▶ _What this task involves_: The expected answer comprises all lines from the entries that contain the string "Coat".

▶ _Extracted data_:
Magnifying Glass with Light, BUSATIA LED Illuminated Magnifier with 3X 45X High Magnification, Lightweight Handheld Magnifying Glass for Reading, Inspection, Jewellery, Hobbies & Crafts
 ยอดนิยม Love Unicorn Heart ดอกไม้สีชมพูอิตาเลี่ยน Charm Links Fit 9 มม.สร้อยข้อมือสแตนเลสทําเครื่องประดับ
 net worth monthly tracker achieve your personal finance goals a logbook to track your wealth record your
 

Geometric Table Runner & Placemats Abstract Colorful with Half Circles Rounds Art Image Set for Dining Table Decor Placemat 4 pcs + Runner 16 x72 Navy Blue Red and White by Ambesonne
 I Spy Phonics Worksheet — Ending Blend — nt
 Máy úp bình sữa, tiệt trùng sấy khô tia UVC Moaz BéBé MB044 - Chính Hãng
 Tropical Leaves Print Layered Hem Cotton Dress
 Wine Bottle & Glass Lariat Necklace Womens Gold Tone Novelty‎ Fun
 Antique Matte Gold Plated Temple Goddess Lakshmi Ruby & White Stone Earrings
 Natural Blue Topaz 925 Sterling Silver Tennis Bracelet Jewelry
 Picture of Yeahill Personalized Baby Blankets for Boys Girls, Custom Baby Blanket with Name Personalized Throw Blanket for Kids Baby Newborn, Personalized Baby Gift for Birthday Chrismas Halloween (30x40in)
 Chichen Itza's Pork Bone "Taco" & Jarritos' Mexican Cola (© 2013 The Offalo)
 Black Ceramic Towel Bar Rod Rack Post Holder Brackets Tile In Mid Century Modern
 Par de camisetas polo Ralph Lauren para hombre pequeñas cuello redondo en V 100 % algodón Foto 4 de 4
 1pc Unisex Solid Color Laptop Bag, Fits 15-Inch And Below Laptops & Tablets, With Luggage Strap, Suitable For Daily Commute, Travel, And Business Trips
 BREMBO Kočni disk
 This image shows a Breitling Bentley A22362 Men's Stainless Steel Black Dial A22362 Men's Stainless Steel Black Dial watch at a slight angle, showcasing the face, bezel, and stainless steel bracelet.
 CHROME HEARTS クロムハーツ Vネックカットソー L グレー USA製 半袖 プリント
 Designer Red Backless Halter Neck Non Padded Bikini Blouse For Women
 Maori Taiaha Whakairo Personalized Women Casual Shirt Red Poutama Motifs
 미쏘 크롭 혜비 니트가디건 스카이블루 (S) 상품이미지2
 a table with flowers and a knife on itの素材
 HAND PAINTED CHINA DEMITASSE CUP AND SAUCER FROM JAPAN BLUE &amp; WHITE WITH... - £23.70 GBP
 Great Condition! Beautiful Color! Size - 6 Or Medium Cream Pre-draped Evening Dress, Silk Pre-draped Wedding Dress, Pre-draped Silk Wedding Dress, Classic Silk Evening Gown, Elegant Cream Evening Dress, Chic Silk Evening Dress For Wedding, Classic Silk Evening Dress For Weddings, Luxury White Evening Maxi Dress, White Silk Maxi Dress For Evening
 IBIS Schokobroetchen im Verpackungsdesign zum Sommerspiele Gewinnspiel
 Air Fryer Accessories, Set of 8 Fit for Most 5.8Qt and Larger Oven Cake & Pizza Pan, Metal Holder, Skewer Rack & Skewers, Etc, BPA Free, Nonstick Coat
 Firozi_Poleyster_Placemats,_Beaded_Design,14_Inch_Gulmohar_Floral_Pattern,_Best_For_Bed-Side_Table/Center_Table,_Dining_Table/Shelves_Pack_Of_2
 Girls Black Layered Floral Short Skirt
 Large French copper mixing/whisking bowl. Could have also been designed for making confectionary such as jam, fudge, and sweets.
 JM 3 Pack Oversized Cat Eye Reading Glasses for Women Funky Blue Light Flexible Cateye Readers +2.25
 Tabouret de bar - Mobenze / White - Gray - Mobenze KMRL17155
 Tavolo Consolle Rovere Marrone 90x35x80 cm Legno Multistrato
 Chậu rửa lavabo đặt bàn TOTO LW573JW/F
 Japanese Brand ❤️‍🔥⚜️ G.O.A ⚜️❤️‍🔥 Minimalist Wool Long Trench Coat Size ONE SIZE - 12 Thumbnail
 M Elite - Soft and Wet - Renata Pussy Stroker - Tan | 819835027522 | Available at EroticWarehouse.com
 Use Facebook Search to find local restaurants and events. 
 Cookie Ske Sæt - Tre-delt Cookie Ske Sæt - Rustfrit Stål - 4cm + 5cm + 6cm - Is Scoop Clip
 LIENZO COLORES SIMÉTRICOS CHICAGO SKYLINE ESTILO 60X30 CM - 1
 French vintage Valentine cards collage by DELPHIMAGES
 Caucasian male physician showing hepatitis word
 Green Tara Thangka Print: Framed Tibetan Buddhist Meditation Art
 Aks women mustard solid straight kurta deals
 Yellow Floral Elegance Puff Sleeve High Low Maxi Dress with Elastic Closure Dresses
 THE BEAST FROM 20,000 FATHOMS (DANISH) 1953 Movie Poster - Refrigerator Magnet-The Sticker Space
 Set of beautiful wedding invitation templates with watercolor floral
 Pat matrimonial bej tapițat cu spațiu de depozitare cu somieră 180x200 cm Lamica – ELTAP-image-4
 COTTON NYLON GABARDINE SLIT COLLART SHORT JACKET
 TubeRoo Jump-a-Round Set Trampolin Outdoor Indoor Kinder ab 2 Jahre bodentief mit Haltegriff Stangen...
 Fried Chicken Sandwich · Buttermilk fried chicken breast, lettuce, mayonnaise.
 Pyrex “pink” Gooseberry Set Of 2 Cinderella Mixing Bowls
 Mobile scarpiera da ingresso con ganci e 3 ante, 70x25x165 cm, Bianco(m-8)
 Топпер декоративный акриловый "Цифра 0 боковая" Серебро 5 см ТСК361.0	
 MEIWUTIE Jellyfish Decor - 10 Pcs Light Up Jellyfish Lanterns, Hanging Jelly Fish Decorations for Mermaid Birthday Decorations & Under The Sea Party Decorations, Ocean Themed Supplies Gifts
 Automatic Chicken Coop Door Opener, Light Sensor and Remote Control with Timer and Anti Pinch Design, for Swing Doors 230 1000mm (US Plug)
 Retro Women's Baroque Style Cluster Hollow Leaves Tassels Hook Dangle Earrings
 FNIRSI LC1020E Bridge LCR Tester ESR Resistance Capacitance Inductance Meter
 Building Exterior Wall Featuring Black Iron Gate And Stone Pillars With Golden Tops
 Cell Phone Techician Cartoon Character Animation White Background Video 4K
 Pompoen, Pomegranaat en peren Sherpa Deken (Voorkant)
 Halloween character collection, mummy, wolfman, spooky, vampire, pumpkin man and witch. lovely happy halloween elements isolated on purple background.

▶ _Solution below_:
 Air Fryer Accessories, Set of 8 Fit for Most 5.8Qt and Larger Oven Cake & Pizza Pan, Metal Holder, Skewer Rack & Skewers, Etc, BPA Free, Nonstick Coat
 Japanese Brand ❤️‍🔥⚜️ G.O.A ⚜️❤️‍🔥 Minimalist Wool Long Trench Coat Size ONE SIZE - 12 Thumbnail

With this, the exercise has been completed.